I am using MXNet to finetune Resnet model on Caltech 256 dataset from the following example:
https://mxnet.incubator.apache.org/how_to/finetune.html
I am primarily doing it for a POC to test distributed training (which I'll later use in my actual project).
First I ran this example on a single machine with 2 GPUs for 8 epochs. I took around 20 minutes and the final validation accuracy was 0.809072.
Then I ran it on 2 machines (identical, each with 2 GPUs) with distributed setting and partitioned the training data in half for these two machines (using num_parts
and part_index
).
8 epochs took only 10 minutes, but the final validation accuracy was only 0.772847 (highest of the two). Even when I used 16 epochs, I was only able to achieve 0.797006.
So my question is that is it normal? I primarily want to use distributed training to reduce training time. But if it takes twice or more epochs to achieve the same accuracy, then what's the advantage? Maybe I am missing something.

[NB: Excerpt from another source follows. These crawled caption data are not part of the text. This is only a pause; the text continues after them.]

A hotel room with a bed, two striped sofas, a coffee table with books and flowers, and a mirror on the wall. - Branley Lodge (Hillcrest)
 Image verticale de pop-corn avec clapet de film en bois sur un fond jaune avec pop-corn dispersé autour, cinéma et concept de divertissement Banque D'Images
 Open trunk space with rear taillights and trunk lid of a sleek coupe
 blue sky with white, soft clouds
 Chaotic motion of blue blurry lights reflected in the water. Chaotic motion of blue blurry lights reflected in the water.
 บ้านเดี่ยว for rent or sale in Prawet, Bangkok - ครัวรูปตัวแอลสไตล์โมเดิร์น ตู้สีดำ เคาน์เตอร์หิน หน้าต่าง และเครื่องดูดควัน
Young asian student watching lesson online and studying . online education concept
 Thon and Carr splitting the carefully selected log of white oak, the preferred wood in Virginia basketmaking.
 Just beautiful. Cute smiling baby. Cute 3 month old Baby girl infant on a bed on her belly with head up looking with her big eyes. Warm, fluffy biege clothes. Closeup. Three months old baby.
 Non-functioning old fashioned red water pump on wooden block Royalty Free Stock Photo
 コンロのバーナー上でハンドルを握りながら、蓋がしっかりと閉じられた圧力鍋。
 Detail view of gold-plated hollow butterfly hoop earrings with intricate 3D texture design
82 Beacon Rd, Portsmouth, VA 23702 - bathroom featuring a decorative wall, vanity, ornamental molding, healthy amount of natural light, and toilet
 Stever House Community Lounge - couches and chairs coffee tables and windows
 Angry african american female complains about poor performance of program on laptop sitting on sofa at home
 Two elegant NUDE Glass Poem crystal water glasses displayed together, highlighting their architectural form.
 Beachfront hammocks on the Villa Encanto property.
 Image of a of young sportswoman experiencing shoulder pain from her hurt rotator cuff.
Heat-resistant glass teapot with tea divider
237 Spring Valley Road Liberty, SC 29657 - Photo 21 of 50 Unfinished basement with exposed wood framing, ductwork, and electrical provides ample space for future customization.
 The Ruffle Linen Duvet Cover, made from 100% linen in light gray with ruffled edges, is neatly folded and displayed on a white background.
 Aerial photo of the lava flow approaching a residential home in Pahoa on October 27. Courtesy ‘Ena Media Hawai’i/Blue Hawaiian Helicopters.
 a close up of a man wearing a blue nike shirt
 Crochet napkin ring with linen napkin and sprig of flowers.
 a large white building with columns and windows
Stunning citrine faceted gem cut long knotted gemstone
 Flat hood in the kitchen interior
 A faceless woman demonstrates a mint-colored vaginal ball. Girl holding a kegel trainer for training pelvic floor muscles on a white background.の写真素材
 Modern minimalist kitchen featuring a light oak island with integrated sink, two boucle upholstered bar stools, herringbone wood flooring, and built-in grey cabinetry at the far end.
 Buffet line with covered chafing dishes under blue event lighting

I can post my code and run command if required.
Thanks
EDIT
Some more info to help with the answer:
MXNet version: 0.11.0
Topology: 2 workers (each on a separate machine)
Code: https://gist.github.com/reactivefuture/2a1f9dcd3b27c0fe8215b4e3d25056ce
Command to start:
python3 mxnet/tools/launch.py -n 2 -H hosts --sync-dst-dir /tmp/mxnet python3 training.py --kv-store dist_sync --gpus 0,1
I have used a hacky way to do partitioning (using IP addresses) since I couldn't get kv.num_workers
and kv.rank
to work.